Em matéria de pensões, neste caso de pensões futuras, o líder socialistas deu uma garantia: seis anos extra de alívio para o Fundo de Estabilização Financeira da Segurança Social. Como? Com a receita da taxa adicional do IMI que vai servir para “fortalecer o Fundo” e garantir “não o pagamento das pensões de 2017, mas das pensões futuras”, disse Costa, fazendo contas à nova receita:
Permitiu alargar em seis anos o Equilíbrio do Fundo de Estabilização da Segurança Social, para mais de metade da década de 40 deste século”.
Já quanto à sobretaxa de IRS — que afinal vai manter-se — Costa nem chegou a ser questionado pelos socialistas que o viram aprovar no final do ano passado uma lei a definir que a cobrança acabava totalmente no dia 1 de janeiro de 2017. Mesmo assim, o socialista antecipou argumentos, começando pela parte do copo meio cheia: “Fazer um Orçamento implica ter objetivos e fazer escolhas. Podíamos ter decidido não criar o adicional do IMI ou não acabar com a sobretaxa para ninguém”. Mas logo a seguir lembrou que apesar de a sobretaxa só deixar de existir, para todos os escalões, em dezembro de 2017, “a proposta da direita era manter a sobretaxa até ao final da legislatura”.
E também explicou que a lógica em matéria fiscal foi “não aumentar os impostos que todos pagam e aumentar os que só alguns pagam”, referindo-se especificamente às alterações aos impostos sobre refrigerantes ou sobre os cartuxos de balas. Sobre a duplicação da taxa aplicada ao alojamento local (para a aproximação ao arrendamento normal), Costa justificou-a com o bom desempenho do setor do turismo, considerando que isso não afetará o mercado: “Está aí o turismo para puxar pelo alojamento local”. Uma posição que, momentos depois, havia de ser partilhada também perante o auditório pela secretária de Estado do Turismo, que Costa convidou a falar sobre este tema e que ainda acrescentou que até agora “apenas 15% do rendimento era tributável” e passou a 35%. “Este ano já foram legalizadas “10 mil unidades de alojamento local”, contabilizou ainda Ana Mendes Godinho.

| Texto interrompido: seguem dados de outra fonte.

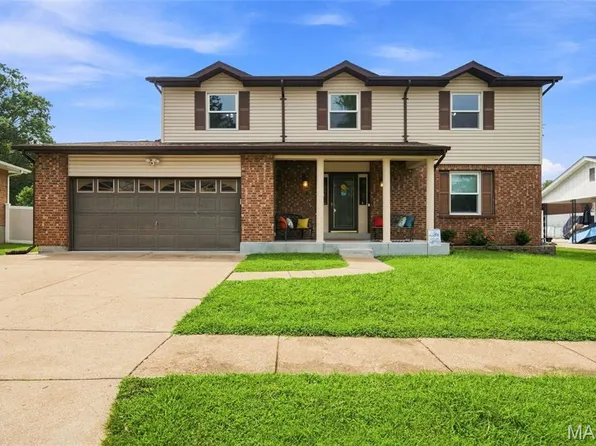 738 Peal Dr, Saint Louis, MO 63125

Num resumo, Costa disse que o Orçamento que apresentou tem cinco marcas:
Aumentar o rendimento disponível das famílias – aqui o primeiro-ministro inclui o fim faseado da sobretaxa de IRS ao longo do ano, a extinção da Contribuição Extraordinária de Solidariedade, a atualização dos escalões de IRS de acordo com a inflação, a continuação do aumento do salário mínimo, o desbloqueio da contração coletiva, mas principalmente do aumento das pensões: tanto a atualização de acordo com a lei de bases (de acordo com a inflação) como o aumento extraordinário de dez euros em agosto (excluindo pensões mínimas).

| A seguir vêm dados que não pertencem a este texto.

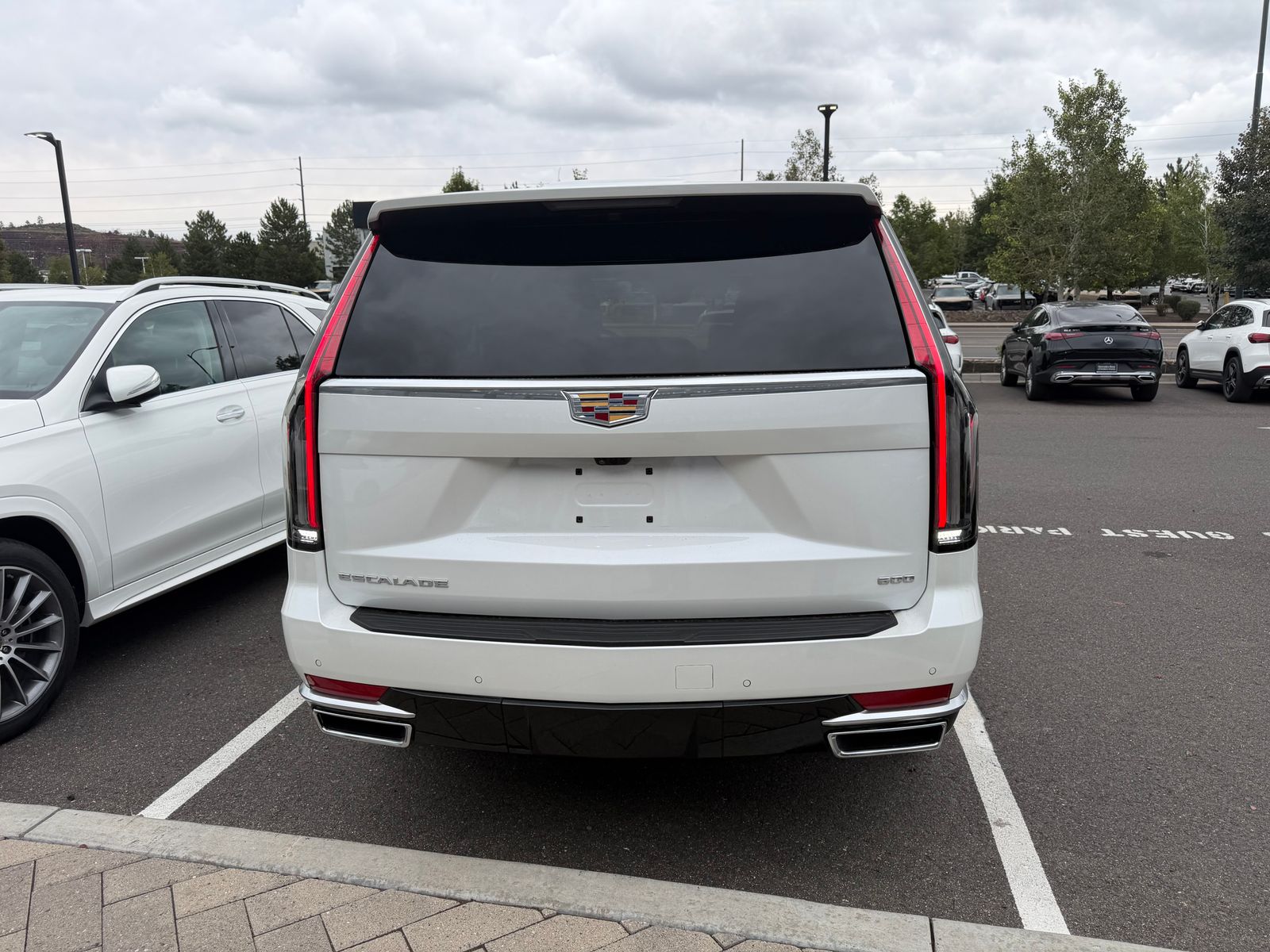 2024 Cadillac Escalade Premium Luxury — foto completa 2 de 7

Voltar ao investimento – “aumentar o investimento público” e “melhorar o investimento privado” ;
Reforçar a sustentabilidade da Segurança Social – o objetivo é reforçar as fontes de financiamento da Segurança Social e é neste ponto que Costa refere a criação do Adicional ao IMI e em como a receita que daí vier será usada para aliviar, em seis anos, a pressão sobre o Fundo de Estabilização Financeira da Segurança Social;
Competitividade – a “chave é investir na ciência e na cultura”, garantiu o líder socialista;
Dinamizar a economia – aqui o socialista admite que o “contexto não é favorável”, mas justifica a desaceleração do crescimento da economia com a revisão em baixa.
O socialista ainda guardou uns minutos para falar dos “compromissos assumidos com o PCP, Bloco de Esquerda e Verdes” que “não contrariam” o programa do PS e que cumpriu “tudo” desses acordos que seguram o Governos socialista no Parlamento. E que, apesar das divergências em matérias europeias entre os parceiros, o Governo “cumpriu as regras que estão em vigor e continuará com a redução do défice nominal e estrutural. Cumpriremos os compromissos com a União Europeia”, disse a mais de uma centena de socialistas que o ouviam.